Q&A: How today’s tech alienates the elderly
On Silver Surfer’s Day, a UK academic has blamed unnecessarily complicated user interfaces for putting older people off joining the Government-backed Race Online.
According to Mike Bradley, senior lecturer in product design and engineering at Middlesex University, efforts to be more inclusive are being undermined by software and hardware design that is exclusively targeted at younger users.
The idea of looking after your user and understanding where they start from and allowing them to improve skills before you throw the big, heavy stuff at them is probably best shown in gaming
We caught up with Bradley, who is working on projects to design simpler interfaces, to find out why the current icon-based software interfaces are alienating older users.
Q. Is modern technology really any more exclusive than earlier generations for older people?
A.The older graphical user interfaces were, compared to today, a lot simpler. There was a lot less going on, the icons were simpler – with some designed to work in black and white, they tended to be more obvious.

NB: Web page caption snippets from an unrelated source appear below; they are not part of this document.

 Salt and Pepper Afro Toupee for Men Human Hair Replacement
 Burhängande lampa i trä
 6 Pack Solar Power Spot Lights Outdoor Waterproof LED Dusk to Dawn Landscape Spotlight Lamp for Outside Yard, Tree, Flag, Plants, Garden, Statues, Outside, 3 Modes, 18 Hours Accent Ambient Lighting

Also, if you look at the number of icons on each package and compare, say, Microsoft Word today to the first incarnation of Word, there’s about three times as many icons. If you’re a novice, that’s much more difficult to get your head around.
For people like us who have grown up with computers, the change has been easy, it’s incremental. But the developments have skewed most mainstream software packages towards the expert user. If you’re designing an application you get feedback from customers who say – “I’d like this feature or that feature” and they stick it in, evolving it towards the needs of their current customers.

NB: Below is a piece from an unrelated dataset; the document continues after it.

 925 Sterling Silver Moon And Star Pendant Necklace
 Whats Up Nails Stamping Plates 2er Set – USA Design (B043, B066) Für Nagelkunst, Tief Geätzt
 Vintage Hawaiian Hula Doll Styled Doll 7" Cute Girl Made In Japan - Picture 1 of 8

It’s good business practice, but the net effect is that packages get more complex. Unless there’s a recognition and a reset they will get progressively more difficult for novices to master.
Q. Is there an argument for a tiered approach – one package with several interfaces?
A. It’s been talked about in the research community, the idea of progressive disclosure, where you’re not going to show the full functionality to people from the off, but you allow them to discover the basic and then move onto an intermediate level.
I’ve not seen a good implementation of that in software yet. The idea of looking after your user and understanding where they start from and allowing them to improve skills before you throw the big, heavy stuff at them is probably best shown in gaming.
Q. Do developers of technologies such as smartphones take too much knowledge for granted?
A. They certainly do. In our research, we’ve been getting older people to use things like the Apple iPad and the Samsung Galaxy Tab. With both Apple and Android – they are much easier than trying to learn to use a PC, but you do get to a point where you have to understand iconography, and work quite laterally to complete tasks.